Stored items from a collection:
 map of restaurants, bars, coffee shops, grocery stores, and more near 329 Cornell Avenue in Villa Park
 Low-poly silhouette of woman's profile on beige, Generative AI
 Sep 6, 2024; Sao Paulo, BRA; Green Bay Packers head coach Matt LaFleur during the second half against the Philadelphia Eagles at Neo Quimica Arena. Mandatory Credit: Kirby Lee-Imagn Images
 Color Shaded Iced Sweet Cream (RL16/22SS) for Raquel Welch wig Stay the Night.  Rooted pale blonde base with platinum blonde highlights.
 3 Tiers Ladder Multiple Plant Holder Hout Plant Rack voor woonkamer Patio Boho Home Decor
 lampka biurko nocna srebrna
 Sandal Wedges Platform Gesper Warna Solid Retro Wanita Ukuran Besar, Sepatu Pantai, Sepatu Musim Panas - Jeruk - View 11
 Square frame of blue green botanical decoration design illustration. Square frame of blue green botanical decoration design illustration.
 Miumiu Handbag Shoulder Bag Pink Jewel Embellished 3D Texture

TASK BRIEF — Beginning with the line that contains "Sandal Wedges Platform", restate word for word each line through the last one in the data, and write nothing more.

REPLY TO THE TASK —
 Sandal Wedges Platform Gesper Warna Solid Retro Wanita Ukuran Besar, Sepatu Pantai, Sepatu Musim Panas - Jeruk - View 11
 Square frame of blue green botanical decoration design illustration. Square frame of blue green botanical decoration design illustration.
 Miumiu Handbag Shoulder Bag Pink Jewel Embellished 3D Texture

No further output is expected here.